Acto seguido, Lázarus chasqueó los dedos para que los guardias entraran en la celda y les arrebató las gruesas cadenas que sostenían a los podencos.
- Su cena está servida, queridos amigos - y en cuanto los liberó, las bestias se abalanzaron ferozmente sobre Archinto.

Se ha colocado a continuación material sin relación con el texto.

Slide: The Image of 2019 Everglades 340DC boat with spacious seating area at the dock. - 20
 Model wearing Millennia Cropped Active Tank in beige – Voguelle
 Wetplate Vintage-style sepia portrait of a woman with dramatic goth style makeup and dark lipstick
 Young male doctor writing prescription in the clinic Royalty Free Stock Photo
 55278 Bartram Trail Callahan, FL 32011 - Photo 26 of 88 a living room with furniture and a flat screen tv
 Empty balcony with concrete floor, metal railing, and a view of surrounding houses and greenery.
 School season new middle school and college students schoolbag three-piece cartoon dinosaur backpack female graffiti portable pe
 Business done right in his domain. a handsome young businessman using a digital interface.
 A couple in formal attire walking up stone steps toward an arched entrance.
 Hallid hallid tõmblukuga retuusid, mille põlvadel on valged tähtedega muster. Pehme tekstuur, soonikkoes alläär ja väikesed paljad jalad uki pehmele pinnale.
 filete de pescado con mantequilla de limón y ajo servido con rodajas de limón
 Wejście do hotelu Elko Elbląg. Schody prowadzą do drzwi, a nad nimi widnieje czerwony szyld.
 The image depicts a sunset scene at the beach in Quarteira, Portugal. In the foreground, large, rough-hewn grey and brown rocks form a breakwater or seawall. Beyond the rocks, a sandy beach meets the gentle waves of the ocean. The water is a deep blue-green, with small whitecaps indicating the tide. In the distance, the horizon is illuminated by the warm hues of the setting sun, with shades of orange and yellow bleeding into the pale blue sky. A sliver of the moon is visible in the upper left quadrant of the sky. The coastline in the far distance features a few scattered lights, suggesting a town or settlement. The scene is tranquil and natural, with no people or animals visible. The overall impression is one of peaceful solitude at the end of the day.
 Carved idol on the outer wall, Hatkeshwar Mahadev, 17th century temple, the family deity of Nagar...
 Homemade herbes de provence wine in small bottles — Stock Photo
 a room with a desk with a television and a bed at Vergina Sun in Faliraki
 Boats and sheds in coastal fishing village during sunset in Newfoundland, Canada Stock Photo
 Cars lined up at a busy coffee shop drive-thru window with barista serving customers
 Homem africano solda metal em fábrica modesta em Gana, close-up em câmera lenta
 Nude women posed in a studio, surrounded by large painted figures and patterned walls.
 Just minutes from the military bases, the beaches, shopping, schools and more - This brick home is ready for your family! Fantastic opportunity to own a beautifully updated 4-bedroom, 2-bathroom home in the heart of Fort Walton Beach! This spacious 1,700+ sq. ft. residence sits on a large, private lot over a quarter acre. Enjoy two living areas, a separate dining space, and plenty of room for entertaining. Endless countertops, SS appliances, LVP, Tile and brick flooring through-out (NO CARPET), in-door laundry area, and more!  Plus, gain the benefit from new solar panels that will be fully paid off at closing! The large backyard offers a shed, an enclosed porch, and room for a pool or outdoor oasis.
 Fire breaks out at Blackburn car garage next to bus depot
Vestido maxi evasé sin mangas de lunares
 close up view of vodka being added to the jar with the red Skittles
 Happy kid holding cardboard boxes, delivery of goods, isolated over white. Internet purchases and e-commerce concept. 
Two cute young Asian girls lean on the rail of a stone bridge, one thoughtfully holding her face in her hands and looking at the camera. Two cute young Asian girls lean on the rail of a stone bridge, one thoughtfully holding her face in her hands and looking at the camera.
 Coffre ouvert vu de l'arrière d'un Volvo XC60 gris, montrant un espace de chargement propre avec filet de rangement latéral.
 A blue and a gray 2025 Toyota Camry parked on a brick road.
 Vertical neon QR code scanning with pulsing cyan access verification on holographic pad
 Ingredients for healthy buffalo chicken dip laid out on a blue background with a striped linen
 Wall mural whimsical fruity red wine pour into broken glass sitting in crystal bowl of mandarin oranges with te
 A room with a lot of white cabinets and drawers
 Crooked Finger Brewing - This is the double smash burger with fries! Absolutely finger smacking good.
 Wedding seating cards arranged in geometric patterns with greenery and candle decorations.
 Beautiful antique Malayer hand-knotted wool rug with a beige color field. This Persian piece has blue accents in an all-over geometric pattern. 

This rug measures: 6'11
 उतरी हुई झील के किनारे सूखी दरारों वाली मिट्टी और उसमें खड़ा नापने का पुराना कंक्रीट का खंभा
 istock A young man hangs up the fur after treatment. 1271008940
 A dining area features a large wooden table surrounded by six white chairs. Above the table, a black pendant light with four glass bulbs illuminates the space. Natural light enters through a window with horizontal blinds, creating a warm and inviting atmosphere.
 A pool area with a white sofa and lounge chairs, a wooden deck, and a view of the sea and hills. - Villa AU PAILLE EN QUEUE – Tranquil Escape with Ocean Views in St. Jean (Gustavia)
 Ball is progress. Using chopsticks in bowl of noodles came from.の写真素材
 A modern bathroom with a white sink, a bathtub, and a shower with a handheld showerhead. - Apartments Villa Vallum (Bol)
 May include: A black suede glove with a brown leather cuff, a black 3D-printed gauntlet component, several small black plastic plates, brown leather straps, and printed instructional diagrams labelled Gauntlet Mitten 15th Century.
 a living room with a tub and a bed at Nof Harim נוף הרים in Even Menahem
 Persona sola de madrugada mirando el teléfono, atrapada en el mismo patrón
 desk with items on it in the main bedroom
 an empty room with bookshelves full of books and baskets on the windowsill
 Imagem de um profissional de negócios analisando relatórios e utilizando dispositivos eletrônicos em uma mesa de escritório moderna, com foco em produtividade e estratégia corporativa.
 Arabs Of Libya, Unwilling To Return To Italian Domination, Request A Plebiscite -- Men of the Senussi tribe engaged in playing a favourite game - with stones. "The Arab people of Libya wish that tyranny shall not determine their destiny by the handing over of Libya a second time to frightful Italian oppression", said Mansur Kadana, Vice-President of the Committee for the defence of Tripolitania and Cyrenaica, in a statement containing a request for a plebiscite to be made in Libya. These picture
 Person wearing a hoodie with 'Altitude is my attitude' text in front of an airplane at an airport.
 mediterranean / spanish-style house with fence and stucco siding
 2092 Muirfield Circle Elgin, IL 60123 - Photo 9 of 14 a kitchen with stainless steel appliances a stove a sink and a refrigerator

Lázarus hizo oídos sordos a los desgarradores alaridos que profería su víctima mientras era devorado vivo, se dio la media vuelta para salir del calabozo sin mostrar misericordia ni remordimiento alguno. Emprendió el camino de regreso a su aposento con los hombros erguidos y la cabeza en alto, ignorando por completo a los reclusos que le gritaban a su paso y con la sonrisa más demoníaca que jamás se había dibujado en sus finos labios.